Exercise objective =>
Beginning at the line that contains "Cum sa folosim" and finishing at the line that contains "Grundkurs Linguistik Programm", output the data below exactly. Include both end lines and no pictures.

Data =>
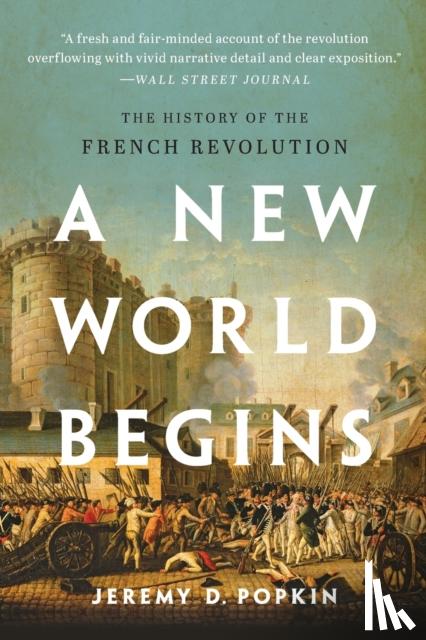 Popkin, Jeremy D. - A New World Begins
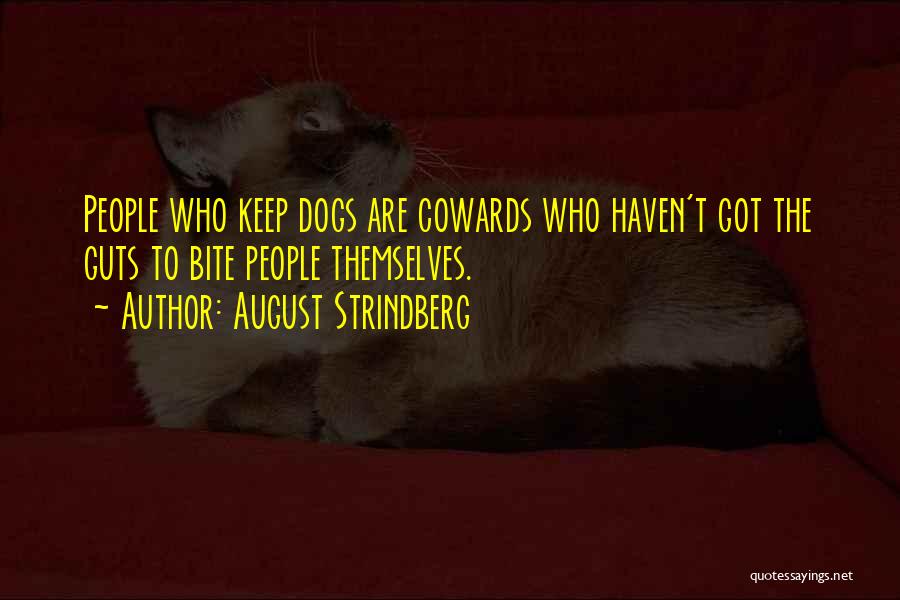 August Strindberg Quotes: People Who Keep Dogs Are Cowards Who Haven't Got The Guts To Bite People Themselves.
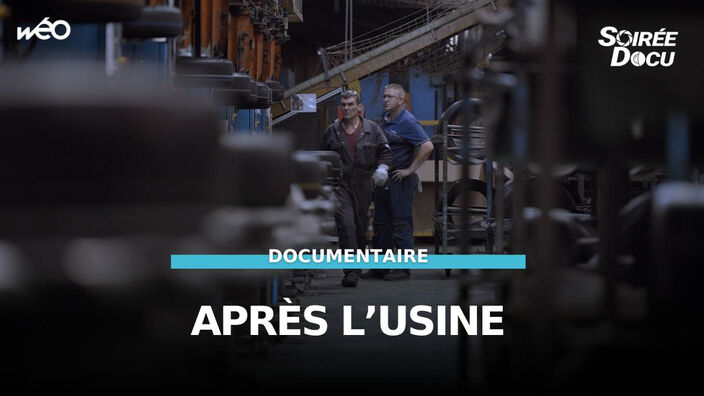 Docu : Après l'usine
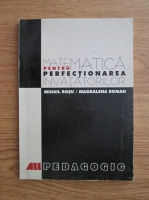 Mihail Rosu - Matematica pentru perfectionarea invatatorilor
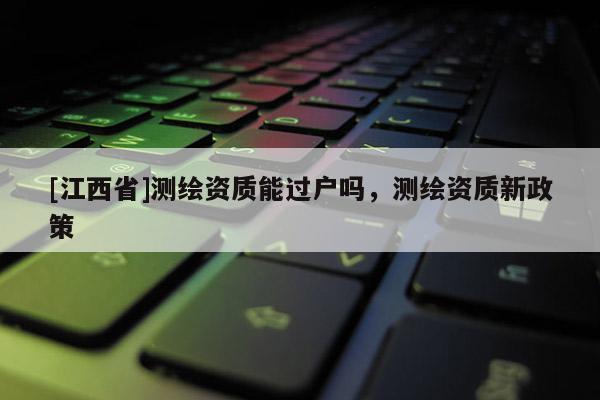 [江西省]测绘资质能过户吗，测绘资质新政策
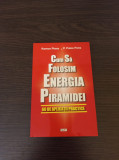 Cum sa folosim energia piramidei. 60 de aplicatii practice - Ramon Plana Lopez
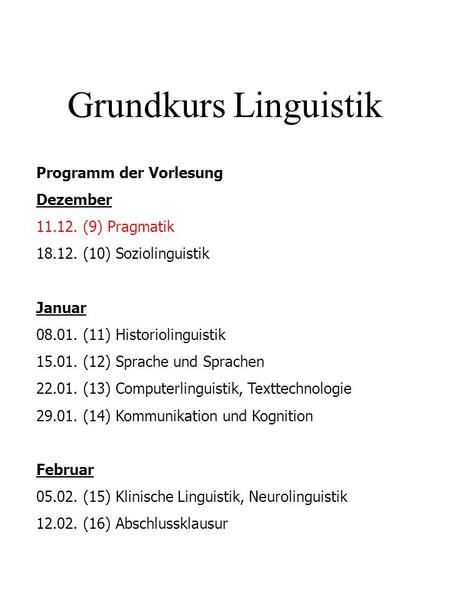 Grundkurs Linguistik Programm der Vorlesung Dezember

---

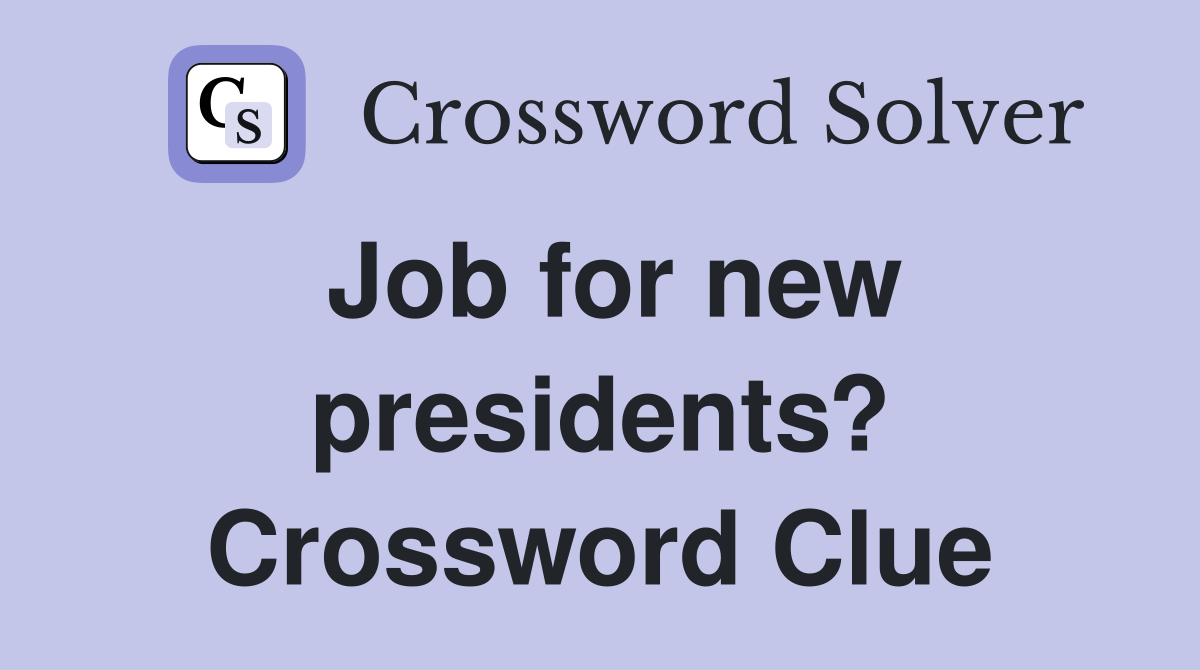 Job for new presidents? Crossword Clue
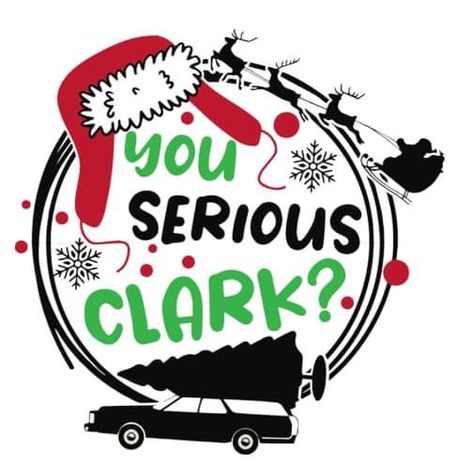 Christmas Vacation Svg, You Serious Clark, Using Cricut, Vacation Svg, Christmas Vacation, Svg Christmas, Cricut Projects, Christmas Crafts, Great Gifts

Response to the exercise =>
 Cum sa folosim energia piramidei. 60 de aplicatii practice - Ramon Plana Lopez
 Grundkurs Linguistik Programm der Vorlesung Dezember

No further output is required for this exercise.